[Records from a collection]

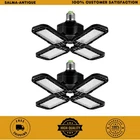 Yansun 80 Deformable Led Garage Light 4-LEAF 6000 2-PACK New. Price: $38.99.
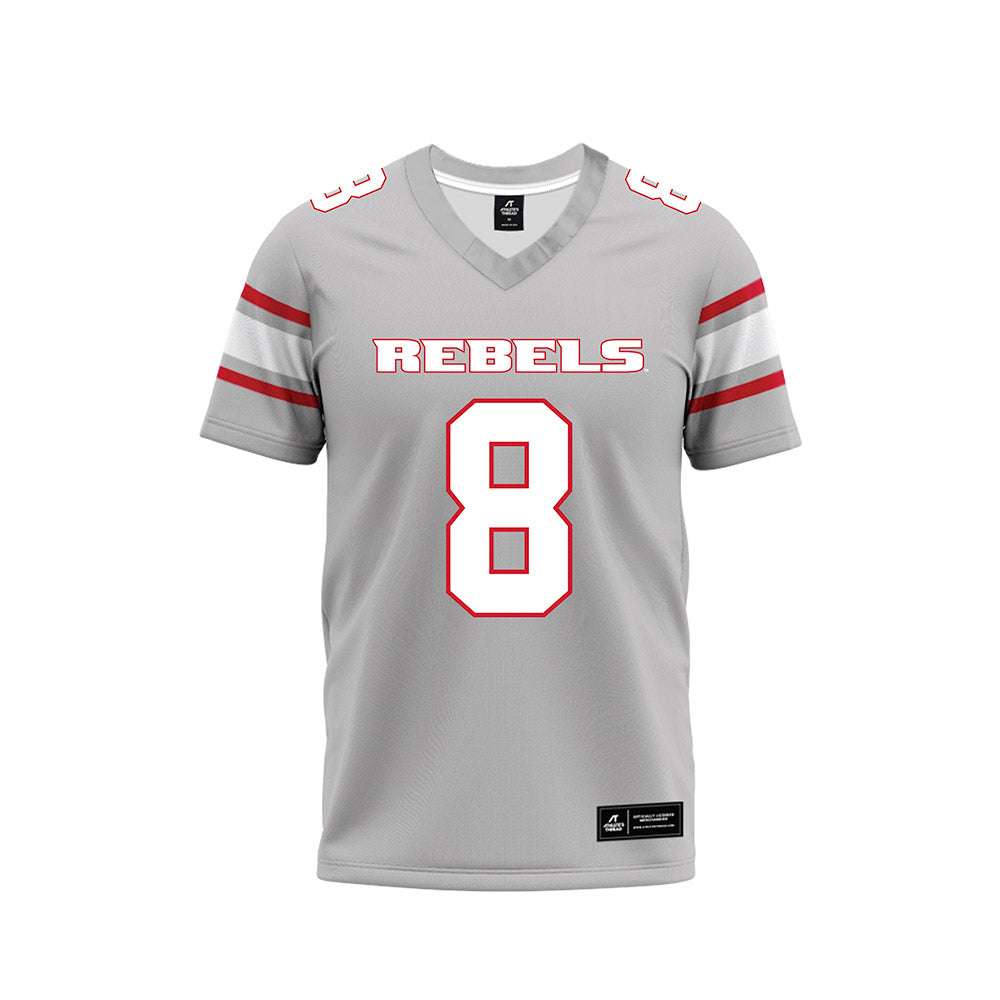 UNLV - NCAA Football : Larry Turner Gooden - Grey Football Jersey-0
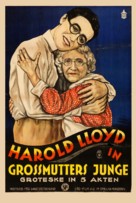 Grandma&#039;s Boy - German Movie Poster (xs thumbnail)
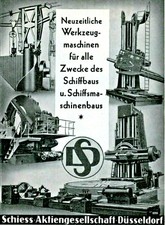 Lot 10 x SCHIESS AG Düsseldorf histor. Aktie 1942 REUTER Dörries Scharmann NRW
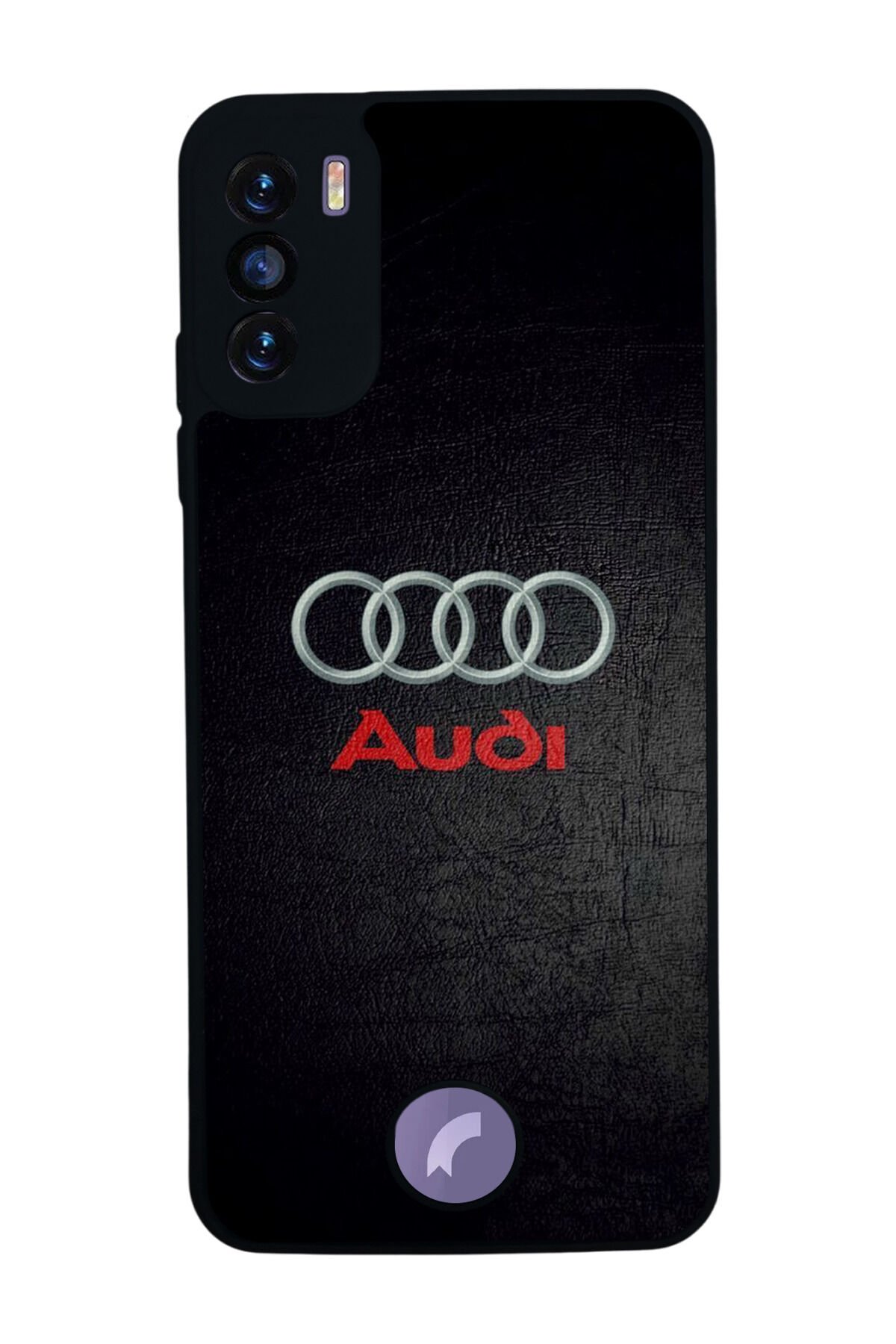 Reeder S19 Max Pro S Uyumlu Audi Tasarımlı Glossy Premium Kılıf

ACTIVITY: From the line containing "UNLV - NCAA" through the last line of the records above, reproduce every line exactly, leaving out the pictures.

TASK ANSWER:
 UNLV - NCAA Football : Larry Turner Gooden - Grey Football Jersey-0
 Grandma&#039;s Boy - German Movie Poster (xs thumbnail)
 Lot 10 x SCHIESS AG Düsseldorf histor. Aktie 1942 REUTER Dörries Scharmann NRW
 Reeder S19 Max Pro S Uyumlu Audi Tasarımlı Glossy Premium Kılıf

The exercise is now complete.